- [WHAT YOU ARE ASKED TO DO]: An exact reproduction of the lines below, from the first through the one with "Newport Mint Stock", is the whole answer; pictures have no place in it.

*** EXTRACTED RECORDS

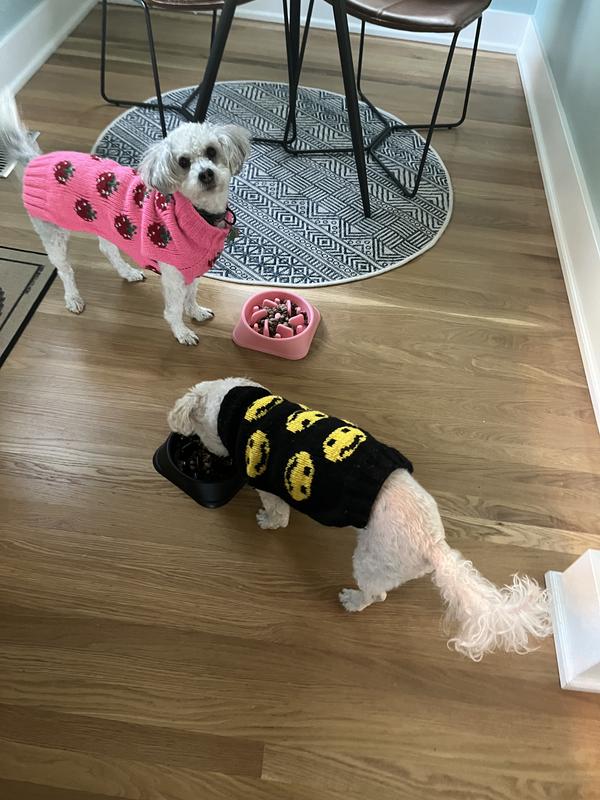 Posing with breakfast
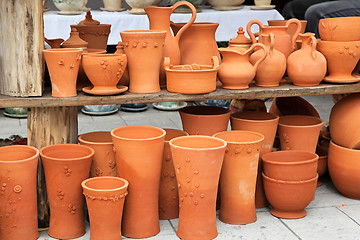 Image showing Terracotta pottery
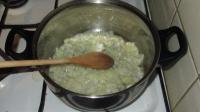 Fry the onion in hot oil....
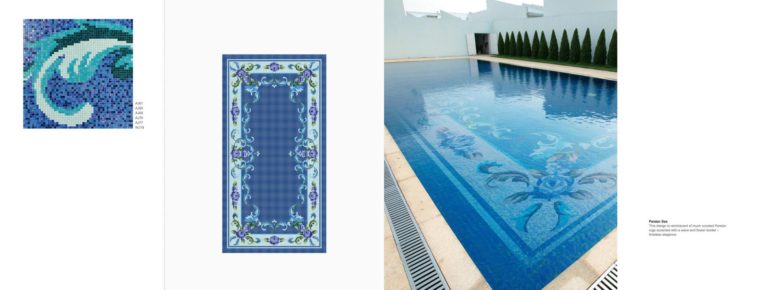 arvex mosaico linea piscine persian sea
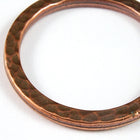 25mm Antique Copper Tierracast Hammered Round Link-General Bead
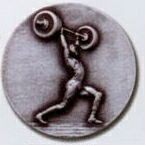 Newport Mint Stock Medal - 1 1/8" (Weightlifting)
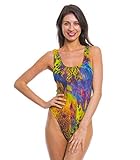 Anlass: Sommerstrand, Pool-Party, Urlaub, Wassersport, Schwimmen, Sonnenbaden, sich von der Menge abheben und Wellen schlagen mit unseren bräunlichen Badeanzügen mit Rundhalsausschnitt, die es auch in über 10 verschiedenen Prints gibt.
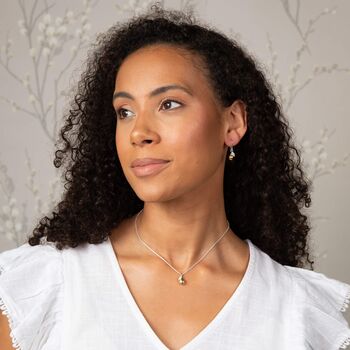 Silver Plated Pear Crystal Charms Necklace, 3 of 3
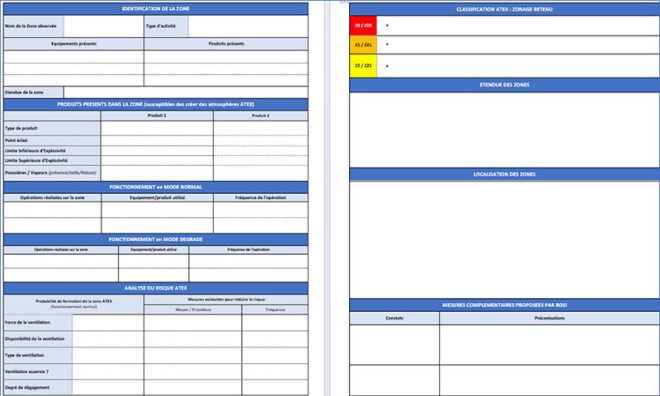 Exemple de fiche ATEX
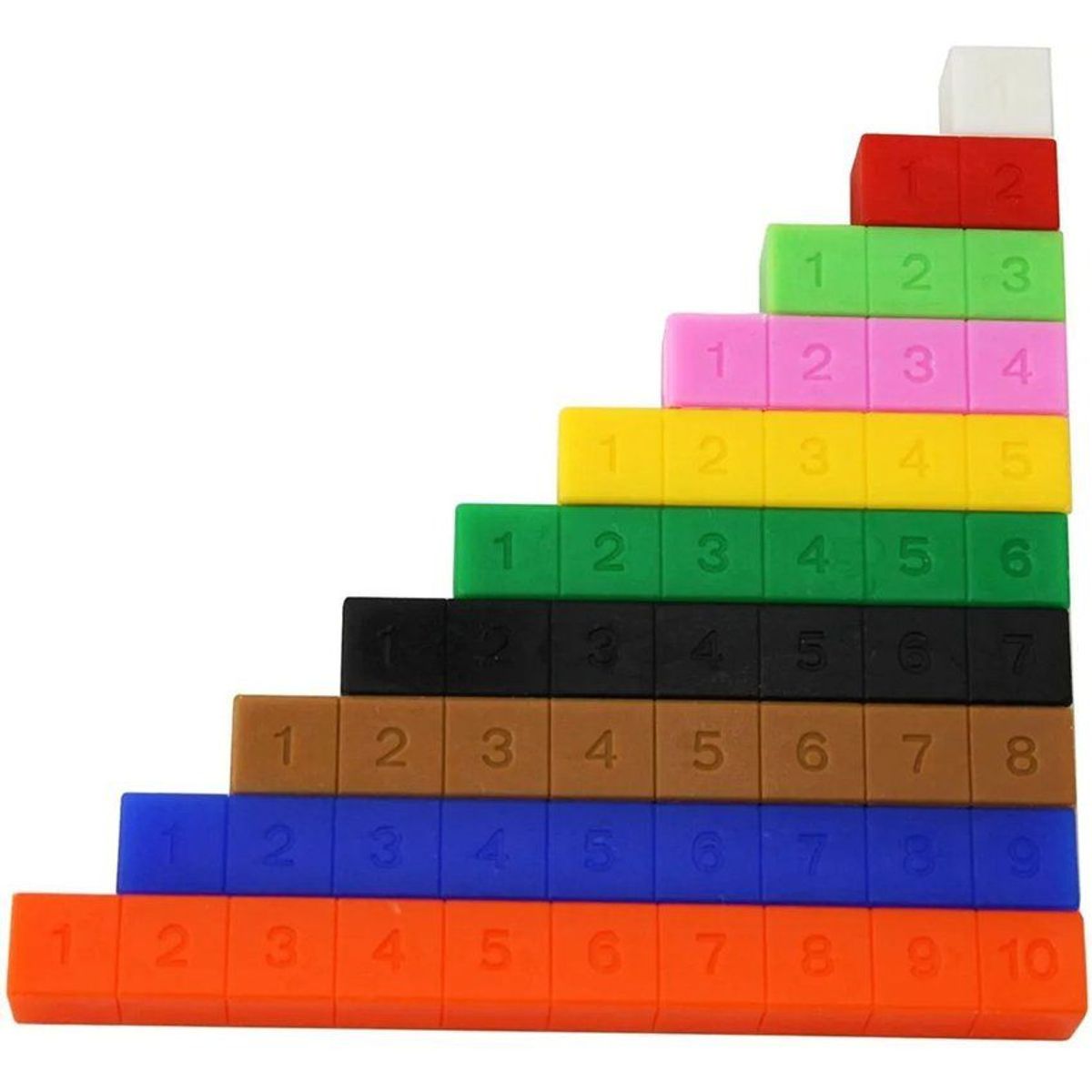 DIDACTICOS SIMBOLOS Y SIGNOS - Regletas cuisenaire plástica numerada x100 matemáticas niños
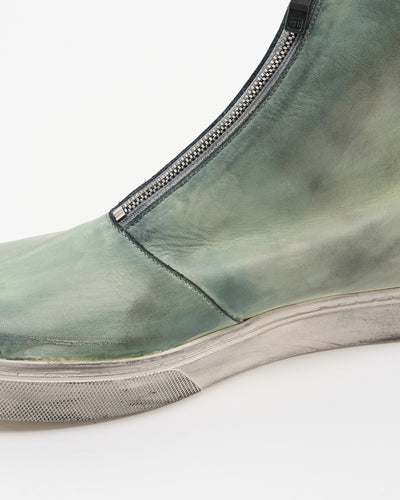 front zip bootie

******

- [EXERCISE SOLUTION]:
 Posing with breakfast
 Image showing Terracotta pottery
 Fry the onion in hot oil....
 arvex mosaico linea piscine persian sea
 25mm Antique Copper Tierracast Hammered Round Link-General Bead
 Newport Mint Stock Medal - 1 1/8" (Weightlifting)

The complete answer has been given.